先日、誕生日プレゼントに素敵な贈物をもらった。
「子どものための日本文化教室」に5年も通ってくれている7歳のサキヨちゃんからだ。彼女の母親のヨシカさんは結婚前は優秀なスタッフとして私の舞台を手伝ってくれた。そのご縁で私の強引な誘いにも拘わらず気持ち良く二人のお子さんを教室に通わせてくれている。お兄ちゃんは中学生になり文化教室には通っていないが、折々の催しには元気な顔を見せてくれている。そのお兄ちゃんの好物でもある「椎の実」を今回はプレゼントしてもらったのだ。
実はこの歳にして椎の実を食すのは生まれて初めての経験だが、とても美味だった。栗のような、ピスタチオのような、香ばしくて美味しい木の実だ。ヨシカさんの実家の庭に椎の木があり、孫が秋を楽しみしているので木を伐れないとお祖母ちゃんは言っているという。
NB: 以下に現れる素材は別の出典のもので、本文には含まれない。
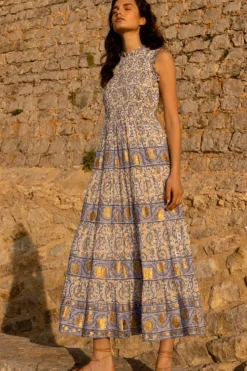 Outlet Sleeveless Smocked Maxi- Marseille Blue Maxis|Dresses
とても良い話だ。
手作りが上手な母娘がきれいに作ってくれた箱入りの贈物。どこにも売っていない世界で唯一の物。心から嬉しい。
私のワガママを知っている母親は「消え物ですよ」と半分笑いながら、箱を差し出す。いえいえ、形が残る物だって嬉しい。小さな女の子が心を込めて手作りしてくれた物だもの、去年のネックレスもちゃんと取ってありますよ。